Où va l’argent de la dette ? Pas à la guerre ! Mais aux dépenses sociales. Selon le Congressional Budget Office (CBO), l’augmentation de la dette est pour 83% due aux dépenses liées à Medicare (l’assurance santé fédérale des plus de 65 ans), Medicaid (l’assurance santé des défavorisés), Obamacare (l’assurance santé universelle mise en place sous Obama) et au paiement des retraites (que les Américains appellent "social security"). Sans réforme de ces systèmes, la dette va inévitablement progresser. Selon le CBO, elle dépassera vingt-cinq "trillions" de dollars avant 2020 et pourrait atteindre trente trillions d’ici 2024 !

La dette américaine est due pour 34% à des "investisseurs internationaux", ce qui inclut des gouvernements étrangers. Les deux principaux Etats détenteurs de dette américaine sont la Chine et le Japon, avec près de mille cinq cent milliards chacun. Viennent ensuite les pays de l’OPEC. La France est au modeste 17e rang des créanciers de l’Amérique, entre le Mexique et la Turquie…

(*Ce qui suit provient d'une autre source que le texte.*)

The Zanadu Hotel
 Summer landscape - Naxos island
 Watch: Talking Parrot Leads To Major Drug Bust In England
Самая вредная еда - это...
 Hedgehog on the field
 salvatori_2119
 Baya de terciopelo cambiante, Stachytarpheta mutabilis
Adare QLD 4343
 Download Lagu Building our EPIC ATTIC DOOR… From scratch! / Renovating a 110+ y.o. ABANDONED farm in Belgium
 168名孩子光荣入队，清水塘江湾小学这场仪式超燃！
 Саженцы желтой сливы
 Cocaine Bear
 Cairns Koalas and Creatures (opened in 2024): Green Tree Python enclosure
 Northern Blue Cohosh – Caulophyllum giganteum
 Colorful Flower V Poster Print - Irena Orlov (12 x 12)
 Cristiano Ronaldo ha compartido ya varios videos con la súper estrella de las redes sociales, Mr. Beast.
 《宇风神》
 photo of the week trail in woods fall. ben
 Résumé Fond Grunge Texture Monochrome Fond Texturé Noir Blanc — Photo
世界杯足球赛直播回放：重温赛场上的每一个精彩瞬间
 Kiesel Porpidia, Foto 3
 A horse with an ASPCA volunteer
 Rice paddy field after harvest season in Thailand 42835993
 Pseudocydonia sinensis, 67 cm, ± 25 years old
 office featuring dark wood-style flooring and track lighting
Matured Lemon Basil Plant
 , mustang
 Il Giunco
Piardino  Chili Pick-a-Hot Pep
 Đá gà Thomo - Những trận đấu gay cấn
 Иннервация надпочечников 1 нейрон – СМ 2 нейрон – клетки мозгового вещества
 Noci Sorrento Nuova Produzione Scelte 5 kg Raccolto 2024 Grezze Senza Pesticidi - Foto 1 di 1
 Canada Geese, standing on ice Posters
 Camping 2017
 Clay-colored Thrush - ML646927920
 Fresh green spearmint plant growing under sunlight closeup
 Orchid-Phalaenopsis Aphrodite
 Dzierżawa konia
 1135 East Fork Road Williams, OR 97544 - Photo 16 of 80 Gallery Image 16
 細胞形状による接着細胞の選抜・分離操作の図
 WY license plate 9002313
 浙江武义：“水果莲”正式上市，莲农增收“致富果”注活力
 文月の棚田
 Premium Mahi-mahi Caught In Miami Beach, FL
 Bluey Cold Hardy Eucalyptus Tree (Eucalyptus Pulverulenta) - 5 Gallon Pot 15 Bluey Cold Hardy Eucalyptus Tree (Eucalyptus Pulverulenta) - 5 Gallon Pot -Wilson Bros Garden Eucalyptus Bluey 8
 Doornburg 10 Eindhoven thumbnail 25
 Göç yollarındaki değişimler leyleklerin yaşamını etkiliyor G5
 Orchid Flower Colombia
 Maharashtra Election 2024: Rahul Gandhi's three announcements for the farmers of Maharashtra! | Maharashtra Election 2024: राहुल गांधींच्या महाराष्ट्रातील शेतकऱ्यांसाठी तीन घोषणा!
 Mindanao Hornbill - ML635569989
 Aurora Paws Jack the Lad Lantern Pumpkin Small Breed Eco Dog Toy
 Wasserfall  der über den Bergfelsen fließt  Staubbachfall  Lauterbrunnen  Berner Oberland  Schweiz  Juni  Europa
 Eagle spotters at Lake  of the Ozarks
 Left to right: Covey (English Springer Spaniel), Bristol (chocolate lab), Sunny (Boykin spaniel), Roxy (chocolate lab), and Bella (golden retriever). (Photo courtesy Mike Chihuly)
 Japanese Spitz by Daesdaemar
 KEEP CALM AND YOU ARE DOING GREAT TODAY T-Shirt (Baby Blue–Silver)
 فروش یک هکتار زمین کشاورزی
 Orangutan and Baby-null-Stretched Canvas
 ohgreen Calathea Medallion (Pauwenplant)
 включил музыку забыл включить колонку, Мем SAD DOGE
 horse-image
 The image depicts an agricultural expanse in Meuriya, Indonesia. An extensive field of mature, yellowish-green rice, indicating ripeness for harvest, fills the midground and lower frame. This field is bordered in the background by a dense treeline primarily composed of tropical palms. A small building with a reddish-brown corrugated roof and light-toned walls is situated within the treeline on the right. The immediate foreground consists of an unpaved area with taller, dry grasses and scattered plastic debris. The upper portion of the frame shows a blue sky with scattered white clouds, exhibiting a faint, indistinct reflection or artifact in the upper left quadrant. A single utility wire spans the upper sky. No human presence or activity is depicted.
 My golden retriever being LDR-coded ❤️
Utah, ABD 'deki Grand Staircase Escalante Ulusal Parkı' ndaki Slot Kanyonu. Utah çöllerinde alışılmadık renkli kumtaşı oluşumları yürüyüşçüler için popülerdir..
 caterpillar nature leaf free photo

41% de la dette sont dus à des institutions américaines, qu’il s’agisse de la Réserve Fédérale, 1er banque du pays (13%), des Etats (13%), ou du public et des banques privées (15%). La menace qui pèse sur ces créanciers et l’ensemble du monde, c’est qu’un jour le gouvernement ne soit plus en mesure de remplir ses obligations et se retrouve en défaut de paiement. Peu probable, mais possible. Il est d’ores et déjà acquis pour beaucoup d’observateurs que les Etats-Unis ne rembourseront jamais l’ensemble du principal de leur dette ! Mais un défaut de paiement précipiterait une hausse des taux d’intérêts à travers le monde et une panique financière aux conséquences incalculables…

Ce qui n’empêche pas certains économistes de sourire devant ces scénarios. Ed Nolan a récemment publié sur le site de l’econo-monitor une tribune intitulée "La dette n’est pas un problème" (Don’t sweat the debt !). Son argument est construit autour de deux points : un, la dette n’est pas aussi lourde qu’il y paraît car près du tiers consiste en des créances du gouvernement américain à lui-même, via des prêts entre agences fédérales ; deux, le ratio de la dette ramené au PIB américain baisse. Si l’on exclut la partie de la dette qui est intergouvernementale, ce ratio est à 74% aujourd’hui, en très léger recul sur un an. Si l’ensemble de la dette est pris en considération, ce ratio est de 103%. En-deçà du record de 121% atteint en 1946. Mais le pays sortait alors de cinq années de guerre… Toutefois, ce ratio est considéré comme gérable, car l’économie croît actuellement plus rapidement que la dette. Le poids relatif de celle-ci est donc moindre aujourd’hui qu’il ne l’était hier et ne le sera demain. "Notre conclusion est que la politique fiscale actuelle est suffisante pour que la dette se réduise progressivement" écrit Nolan.

Si les choses continuent d’aller dans le même sens, oui. Mais rien ne peut le garantir.